Work Next to AI, Not With It
I’m struck by the hubris of AI prognosticators, perhaps including myself in that category though at least I’m admitting it…
There are some forecasters who have a pretty good track record – geopolitical gurus and bridge (card game) experts are good as are meteorologists (really). Technology forecasters on the other hand are pretty lousy, including experts. MIT’s Technology Review has done a historically bad job of reading the tea leaves and predicting the future of tech. Its authors missed smartphones entirely…
One sliver of the AI future replete with chest-thumping harrumphs is the notion that AI does/will work best in partnership with humans. Maybe, maybe not.
One instance where it currently doesn’t? Radiology, one of many fields where AI disruption is already here.
Analysis was done comparing,
- Radiologist accuracy without AI
- AI alone
- Radiologist + AI
AI beat the radiologists 65% of the time but on average, the Radiologist + AI combo did no better than either of the other two conditions. This despite the Radiologists having what was determined to be useful, contextual and patient specific information that AI didn’t – e.g., doctor’s notes, patient history.
In theory this is the perfect combo of human with unique, special, “small data” combined with the massive computing power of AI. But the combo failed. Why?
That the combo failed as an average hides a lot. There was heterogeneity in the data. When the AI was highly confident the human + AI combo worked as intended. But when the AI had anything other than a very high probability diagnosis the humans intervened to create sub-optimal outcomes. They also took longer per patient to produce a less good result.
Human bias intervened. When the machine said ” I think it’s this…” the human decided to weight their own opinion too heavily. The humans also ignored the fact that most of the time their opinion and that of the machine were the same – i.e., highly correlated. That should have increased confidence and shortened decision times, but people seem to exhibit an anti-automation bias.
The human experts under-respond to information other than their own. Where does this happen in our world?
Selection for one. I can remember many an instance where good-old fashioned statistical modeling of RFM data was used to select X cases for a mailing only to be second guessed by fundraising ‘experts” who insisted on forcing all the $50-100, with 0 to 12 recency into the select regardless of the model.
At least the radiologists have a medical degree and a residency focused on nothing but reading scans. Those fundraising experts forcing their pet-segments in the mailing tend to be the biggest title in the room but that’s about it.
Kevin
hi, thanks Kevin, not happy about you throwing experts under the bus!
I still see models that work sometimes, but not all of the times, and sometimes having some additional segments into the mix to compare to works just fine or even better. I think the message should be that experts with years of experience and AI and testing together make the best combination. Smart experts are always willing to learn.
You might like this one – new study out in Science. College-educated writers who had access to ChatGPT decreased writing time by 40% and increased writing quality by 18%: https://www.science.org/doi/10.1126/science.adh2586
Working together not only worked better, but those who used the system during the test were also likely to continue using it after.
Nick, yep saw that study, thought I wrote about it but who the hells knows if I did or just drafted it or imagined it. You can relate. We did write about a similar study but with professional writers of various flavors vs. college kids. The results were mixed:
-The average overall liking was 2.5, slightly positive.
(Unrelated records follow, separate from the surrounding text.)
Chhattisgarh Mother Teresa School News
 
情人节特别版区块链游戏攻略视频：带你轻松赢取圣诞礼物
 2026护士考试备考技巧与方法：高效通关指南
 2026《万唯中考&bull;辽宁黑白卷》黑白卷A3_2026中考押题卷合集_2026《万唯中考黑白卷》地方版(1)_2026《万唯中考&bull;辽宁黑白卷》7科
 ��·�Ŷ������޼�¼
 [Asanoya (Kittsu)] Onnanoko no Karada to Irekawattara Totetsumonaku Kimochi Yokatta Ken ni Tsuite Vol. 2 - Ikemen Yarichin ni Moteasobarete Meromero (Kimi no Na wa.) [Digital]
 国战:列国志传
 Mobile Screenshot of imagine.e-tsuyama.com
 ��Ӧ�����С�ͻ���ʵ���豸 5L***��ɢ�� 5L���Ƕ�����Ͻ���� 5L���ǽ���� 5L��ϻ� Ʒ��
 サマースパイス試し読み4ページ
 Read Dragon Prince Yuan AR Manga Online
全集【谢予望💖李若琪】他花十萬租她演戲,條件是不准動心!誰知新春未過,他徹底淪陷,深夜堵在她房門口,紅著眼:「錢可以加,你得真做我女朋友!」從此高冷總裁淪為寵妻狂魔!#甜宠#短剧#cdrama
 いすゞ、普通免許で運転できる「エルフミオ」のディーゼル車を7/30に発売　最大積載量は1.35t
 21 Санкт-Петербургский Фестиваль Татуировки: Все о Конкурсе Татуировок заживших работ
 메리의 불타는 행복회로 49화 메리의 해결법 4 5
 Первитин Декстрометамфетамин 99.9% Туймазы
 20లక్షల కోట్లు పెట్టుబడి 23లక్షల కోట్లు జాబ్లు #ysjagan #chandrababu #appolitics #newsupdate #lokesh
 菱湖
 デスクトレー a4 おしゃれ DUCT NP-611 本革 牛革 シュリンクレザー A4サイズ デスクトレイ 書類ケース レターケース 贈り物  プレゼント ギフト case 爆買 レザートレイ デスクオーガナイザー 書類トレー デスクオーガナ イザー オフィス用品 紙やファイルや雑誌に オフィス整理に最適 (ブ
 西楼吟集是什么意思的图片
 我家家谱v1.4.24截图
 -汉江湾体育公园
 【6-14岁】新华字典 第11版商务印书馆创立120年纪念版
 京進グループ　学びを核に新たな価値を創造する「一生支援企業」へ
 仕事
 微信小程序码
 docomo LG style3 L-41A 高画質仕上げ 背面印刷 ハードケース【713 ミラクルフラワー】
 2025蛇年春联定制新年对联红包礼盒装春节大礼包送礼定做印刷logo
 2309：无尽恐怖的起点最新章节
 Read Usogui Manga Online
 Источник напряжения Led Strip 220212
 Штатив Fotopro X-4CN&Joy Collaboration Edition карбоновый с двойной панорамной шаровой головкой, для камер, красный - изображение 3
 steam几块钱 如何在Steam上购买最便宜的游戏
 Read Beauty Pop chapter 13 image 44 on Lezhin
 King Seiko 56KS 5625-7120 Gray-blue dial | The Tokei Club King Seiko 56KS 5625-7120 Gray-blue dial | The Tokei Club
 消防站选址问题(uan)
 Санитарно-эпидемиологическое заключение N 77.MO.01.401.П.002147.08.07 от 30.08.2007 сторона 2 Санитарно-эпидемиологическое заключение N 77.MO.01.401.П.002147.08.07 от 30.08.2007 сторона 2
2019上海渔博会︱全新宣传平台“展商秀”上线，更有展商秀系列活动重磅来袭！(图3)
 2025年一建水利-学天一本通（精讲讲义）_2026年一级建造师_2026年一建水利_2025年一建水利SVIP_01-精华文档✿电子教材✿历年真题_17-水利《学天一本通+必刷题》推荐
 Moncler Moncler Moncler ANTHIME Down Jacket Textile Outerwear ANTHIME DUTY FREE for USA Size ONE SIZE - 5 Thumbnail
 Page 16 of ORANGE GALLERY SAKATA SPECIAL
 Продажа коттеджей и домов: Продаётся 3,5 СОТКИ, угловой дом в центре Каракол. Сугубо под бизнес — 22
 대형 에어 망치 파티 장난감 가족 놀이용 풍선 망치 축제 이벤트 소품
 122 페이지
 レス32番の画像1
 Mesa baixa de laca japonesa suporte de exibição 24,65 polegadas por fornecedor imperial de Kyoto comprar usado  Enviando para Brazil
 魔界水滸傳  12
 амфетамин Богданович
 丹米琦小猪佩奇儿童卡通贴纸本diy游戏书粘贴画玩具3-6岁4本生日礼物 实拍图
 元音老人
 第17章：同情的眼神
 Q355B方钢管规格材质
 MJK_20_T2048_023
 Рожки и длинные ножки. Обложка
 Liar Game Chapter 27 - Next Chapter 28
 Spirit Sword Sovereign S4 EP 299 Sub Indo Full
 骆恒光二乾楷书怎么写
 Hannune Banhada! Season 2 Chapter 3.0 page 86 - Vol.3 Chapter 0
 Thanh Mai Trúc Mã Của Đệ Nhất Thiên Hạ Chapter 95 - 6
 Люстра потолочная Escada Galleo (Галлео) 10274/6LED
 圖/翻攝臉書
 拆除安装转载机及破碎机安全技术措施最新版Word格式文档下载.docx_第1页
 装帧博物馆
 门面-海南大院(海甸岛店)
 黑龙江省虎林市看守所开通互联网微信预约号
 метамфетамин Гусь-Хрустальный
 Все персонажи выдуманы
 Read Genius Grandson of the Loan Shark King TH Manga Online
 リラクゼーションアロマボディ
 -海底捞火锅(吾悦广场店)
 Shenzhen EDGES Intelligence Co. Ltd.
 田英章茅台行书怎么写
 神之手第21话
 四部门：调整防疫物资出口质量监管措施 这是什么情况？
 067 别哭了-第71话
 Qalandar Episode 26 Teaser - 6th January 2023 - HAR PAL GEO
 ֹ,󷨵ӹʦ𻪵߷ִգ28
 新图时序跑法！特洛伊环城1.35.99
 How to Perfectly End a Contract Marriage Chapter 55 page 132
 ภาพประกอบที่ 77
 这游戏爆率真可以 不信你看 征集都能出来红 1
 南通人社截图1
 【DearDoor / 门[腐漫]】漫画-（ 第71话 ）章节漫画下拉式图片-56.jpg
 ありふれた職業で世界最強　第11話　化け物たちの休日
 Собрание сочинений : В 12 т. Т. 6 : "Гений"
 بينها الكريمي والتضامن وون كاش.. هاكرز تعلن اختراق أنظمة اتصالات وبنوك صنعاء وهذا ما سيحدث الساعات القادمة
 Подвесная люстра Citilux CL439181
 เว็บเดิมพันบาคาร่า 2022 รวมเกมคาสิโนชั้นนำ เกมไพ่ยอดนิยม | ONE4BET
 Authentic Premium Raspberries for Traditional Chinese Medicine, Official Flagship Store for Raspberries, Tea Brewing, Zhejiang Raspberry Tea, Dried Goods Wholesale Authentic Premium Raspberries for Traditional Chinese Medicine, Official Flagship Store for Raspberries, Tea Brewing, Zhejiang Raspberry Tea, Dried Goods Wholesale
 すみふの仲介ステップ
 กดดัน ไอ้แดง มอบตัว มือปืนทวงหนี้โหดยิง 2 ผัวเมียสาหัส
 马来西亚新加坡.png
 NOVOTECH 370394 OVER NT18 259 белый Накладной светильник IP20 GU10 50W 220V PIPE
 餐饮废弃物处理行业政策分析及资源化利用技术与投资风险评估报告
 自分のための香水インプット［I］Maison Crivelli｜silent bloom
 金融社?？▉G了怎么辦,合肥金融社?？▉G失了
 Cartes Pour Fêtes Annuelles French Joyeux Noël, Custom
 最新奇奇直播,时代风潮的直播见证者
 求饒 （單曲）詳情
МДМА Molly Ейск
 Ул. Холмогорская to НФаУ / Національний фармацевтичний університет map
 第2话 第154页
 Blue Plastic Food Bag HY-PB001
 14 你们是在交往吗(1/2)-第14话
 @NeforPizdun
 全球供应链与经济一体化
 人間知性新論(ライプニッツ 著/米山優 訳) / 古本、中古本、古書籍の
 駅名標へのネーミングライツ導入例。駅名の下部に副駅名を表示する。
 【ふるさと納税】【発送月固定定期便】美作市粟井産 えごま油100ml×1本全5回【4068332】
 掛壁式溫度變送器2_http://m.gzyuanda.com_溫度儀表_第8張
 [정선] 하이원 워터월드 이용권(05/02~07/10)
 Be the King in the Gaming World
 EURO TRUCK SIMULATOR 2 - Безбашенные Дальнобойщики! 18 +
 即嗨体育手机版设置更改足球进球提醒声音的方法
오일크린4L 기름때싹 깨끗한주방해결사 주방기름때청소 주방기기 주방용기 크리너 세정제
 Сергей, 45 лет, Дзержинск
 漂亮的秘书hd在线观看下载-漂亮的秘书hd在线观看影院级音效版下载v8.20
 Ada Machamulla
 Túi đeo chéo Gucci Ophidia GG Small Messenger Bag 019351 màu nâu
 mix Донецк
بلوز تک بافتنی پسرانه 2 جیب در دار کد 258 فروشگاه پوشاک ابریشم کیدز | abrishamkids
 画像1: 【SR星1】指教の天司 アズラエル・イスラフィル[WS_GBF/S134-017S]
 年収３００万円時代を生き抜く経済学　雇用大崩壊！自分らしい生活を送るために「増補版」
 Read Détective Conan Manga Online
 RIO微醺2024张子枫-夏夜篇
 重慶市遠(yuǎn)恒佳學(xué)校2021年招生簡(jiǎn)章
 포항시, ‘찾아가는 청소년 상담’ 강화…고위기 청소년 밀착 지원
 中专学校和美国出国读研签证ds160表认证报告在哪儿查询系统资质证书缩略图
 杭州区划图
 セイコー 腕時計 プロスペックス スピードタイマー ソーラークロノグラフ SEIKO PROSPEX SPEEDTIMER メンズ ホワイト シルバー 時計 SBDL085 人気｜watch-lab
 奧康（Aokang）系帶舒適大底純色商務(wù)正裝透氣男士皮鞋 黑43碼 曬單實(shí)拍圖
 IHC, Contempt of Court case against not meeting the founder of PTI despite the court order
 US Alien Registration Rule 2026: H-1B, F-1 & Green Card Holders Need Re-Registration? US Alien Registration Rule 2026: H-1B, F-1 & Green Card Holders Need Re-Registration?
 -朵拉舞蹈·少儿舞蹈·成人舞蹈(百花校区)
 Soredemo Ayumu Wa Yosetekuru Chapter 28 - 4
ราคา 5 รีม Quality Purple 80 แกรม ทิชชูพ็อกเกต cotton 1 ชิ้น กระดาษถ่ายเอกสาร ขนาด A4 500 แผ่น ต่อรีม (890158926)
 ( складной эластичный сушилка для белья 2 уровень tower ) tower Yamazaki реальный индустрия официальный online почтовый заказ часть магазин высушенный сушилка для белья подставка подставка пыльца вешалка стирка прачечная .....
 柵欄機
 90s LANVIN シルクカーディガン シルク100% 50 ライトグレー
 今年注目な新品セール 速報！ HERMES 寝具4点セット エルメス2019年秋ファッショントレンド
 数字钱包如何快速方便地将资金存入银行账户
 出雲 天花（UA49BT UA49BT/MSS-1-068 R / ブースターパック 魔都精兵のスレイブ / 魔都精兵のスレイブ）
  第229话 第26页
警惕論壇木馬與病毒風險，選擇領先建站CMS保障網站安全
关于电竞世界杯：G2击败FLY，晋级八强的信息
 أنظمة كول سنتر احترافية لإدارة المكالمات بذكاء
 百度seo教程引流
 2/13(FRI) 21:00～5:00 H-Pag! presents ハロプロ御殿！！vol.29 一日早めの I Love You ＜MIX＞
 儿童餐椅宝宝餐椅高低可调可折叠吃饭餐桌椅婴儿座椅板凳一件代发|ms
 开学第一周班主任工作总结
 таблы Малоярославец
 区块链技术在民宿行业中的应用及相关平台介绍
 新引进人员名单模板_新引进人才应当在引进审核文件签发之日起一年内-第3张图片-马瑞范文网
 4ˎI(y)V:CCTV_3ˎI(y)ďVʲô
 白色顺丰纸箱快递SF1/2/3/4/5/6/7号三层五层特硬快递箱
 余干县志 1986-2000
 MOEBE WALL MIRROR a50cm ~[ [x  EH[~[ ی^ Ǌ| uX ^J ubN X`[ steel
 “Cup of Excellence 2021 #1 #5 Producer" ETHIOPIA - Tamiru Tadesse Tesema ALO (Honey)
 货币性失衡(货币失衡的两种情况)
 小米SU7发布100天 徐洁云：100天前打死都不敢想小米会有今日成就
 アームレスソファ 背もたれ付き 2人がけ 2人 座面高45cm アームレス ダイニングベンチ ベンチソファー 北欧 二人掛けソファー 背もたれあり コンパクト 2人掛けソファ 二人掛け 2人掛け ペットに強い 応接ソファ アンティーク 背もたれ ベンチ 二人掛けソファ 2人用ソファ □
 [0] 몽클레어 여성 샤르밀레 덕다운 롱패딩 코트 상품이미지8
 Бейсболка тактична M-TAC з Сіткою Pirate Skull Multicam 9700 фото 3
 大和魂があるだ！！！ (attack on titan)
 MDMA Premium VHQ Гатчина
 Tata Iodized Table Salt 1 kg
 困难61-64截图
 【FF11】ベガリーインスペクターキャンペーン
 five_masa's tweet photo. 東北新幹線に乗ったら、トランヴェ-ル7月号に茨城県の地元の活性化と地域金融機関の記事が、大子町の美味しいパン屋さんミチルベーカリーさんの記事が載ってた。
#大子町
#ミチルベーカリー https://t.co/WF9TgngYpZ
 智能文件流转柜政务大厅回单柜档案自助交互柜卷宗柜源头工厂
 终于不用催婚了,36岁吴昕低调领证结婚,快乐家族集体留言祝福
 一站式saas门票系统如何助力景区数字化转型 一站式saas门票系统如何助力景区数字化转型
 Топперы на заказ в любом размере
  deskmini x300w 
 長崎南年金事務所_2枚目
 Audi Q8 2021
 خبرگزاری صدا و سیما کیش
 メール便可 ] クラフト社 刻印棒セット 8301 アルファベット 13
-The more creative the writer (e.g. fiction writers and poets) the less they like it, though the differences were slight.
-Writers were neutral about the idea of embedding this tech into their word processor though creatives were much more negative on the idea.
-The writers got less positive the more they used it.
-Sentiment analysis of open-end comments indicated more negative sentiment than positive.
-The negative emotions were dominated by fear, anger (far less common) and sadness.
-The positive emotion was Joy and an analytical sentiment
We use it, we’re very focused on using it more and more and convinced it is making us more productive and equally convinced that prompting GPT to write a letter for you is a total waste of time. It does require knowledge transfer, fine tuning – e.g., “small data” to augment the big.
I haven’t read this study. Did they control for gender of the human radiologist?
Hi Kathryn, yes, among a host of other more interesting possible, causal factors.